Red mist poured into the stone ground. A tremor shook it as a spike of gray metal jutted up from the ground, expanding as it rose. It folded itself down, transforming into an anvil nearly twice the size of the old, beaten up one he’d had before the smithy had eaten it.

“Scales,” Arwin said.

Two tendrils extended from the mass in the wall. A piece of stone to their side slid open to reveal a pile of huge Crag Lizard scale pieces. The tendrils wrapped around the scales and brought them to the anvil before Arwin. They were easily each several inches thick. The monster’s armor had been incredible. He never would have been able to forge anything like this. Not normally.

Arwin flexed his hand. Verdant Inferno formed in his hands and the veins connected to his shoulder pulsed, pushing even more magical energy into his body. He was practically brimming with it — but the power wasn’t his. He couldn’t feel or interact with the it any more than he could with the magic filling a random monster.

“I’ll go with your suggestion,” Arwin said as he drew deeply on [Scourge], sending the energy flooding into his arms. “I’ll do what I do best. Hit shit hard — but I’m going to need a bigger hammer.”

Stone cracked around Arwin’s feet. Strands of metal raced up his body and twisted around Verdant Inferno’s hilt, cementing themselves around both his hands and the weapon. Black veins leapt from the wall and slammed into the back of the hammer, connecting it with the smithy. It rapidly grew denser, becoming so heavy that he couldn’t have even lifted it without [Scourge].

The veins connected to the hammer lit with burning light as lava raced through them and pumped into the casing covering Verdant Inferno. More red mist sank into the ground and strands of metal rose up, slamming into Arwin’s back one by one to act as supports and counter the hammer’s immense mass.

Arwin bared his teeth in a mixture of a snarl and a grin. Then, with a roar, he heaved Verdant Blaze into motion. It rose laboriously into the air and hung at its apogee like it bore the weight of a mountain suspended in the sky. Then it pitched forward.

The hammer plummeted down with far more speed than Arwin ever could have mustered on his own. It slammed into the scales with a resounding crash and a shockwave ripped out from the anvil, dust swirling back and tiny pieces of rubble pattering into the walls.

Mist sank into the ground and stone pillars rose up. They moved with unerring fluidity, sliding to bracing against the front of the hammer and lifting it into the air in conjunction with Arwin. They then sank back down as if they’d never been there.

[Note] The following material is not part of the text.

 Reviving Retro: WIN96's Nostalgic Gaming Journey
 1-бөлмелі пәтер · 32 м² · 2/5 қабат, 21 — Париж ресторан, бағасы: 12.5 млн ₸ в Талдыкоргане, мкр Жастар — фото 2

The scales had partially warped together. A haze of heat wavered and danced around them and the acrid scent of hot metal and stone filled the air.

Wallace let a murmured curse slip from his lips, taking a step back as he stared at Arwin with wide, disbelieving eyes, unable to manage a proper sentence.

“You’re not spent, are you?” the voice whispered. Black veins weaved in and out between the walls, snakes swimming through a sea of stone. “We can do so much more than that.”

“Oh, no.” Arwin’s grip on Verdant Inferno’s hilt tightened. “We’ve only gotten started.”